:: SOURCE RECORDS ::
+ + + + +
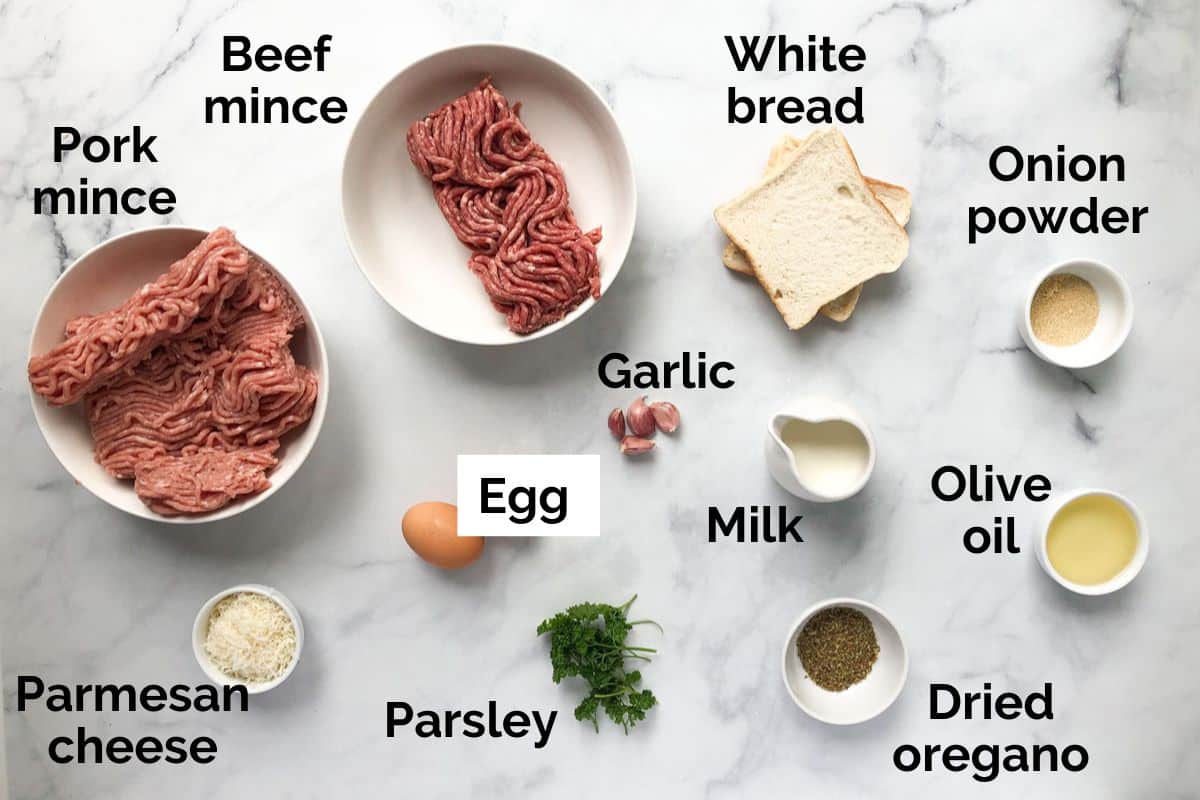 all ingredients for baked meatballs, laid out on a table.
+ + + + +
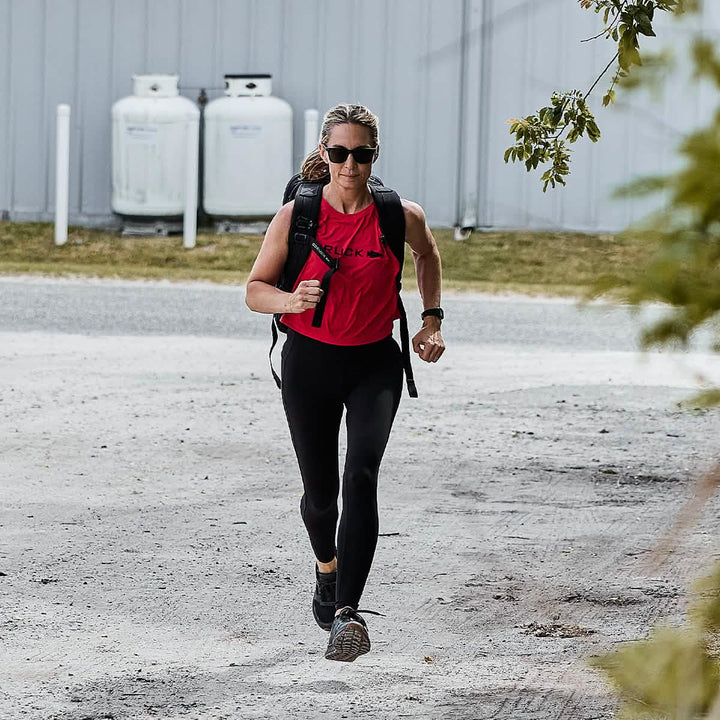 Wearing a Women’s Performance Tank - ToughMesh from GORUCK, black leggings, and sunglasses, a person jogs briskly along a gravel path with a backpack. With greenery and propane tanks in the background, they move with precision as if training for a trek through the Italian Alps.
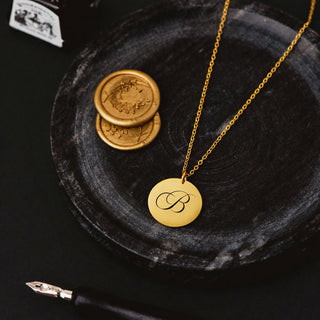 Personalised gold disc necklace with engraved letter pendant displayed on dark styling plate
+ + + + +
:: TASK BRIEF ::
Please output, exactly as written, the lines above from the one holding "Wearing a Women’s" through the one holding "Personalised gold disc", both included, with the pictures omitted.

:: ANSWER TO THE PROBLEM ::
 Wearing a Women’s Performance Tank - ToughMesh from GORUCK, black leggings, and sunglasses, a person jogs briskly along a gravel path with a backpack. With greenery and propane tanks in the background, they move with precision as if training for a trek through the Italian Alps.
 Personalised gold disc necklace with engraved letter pendant displayed on dark styling plate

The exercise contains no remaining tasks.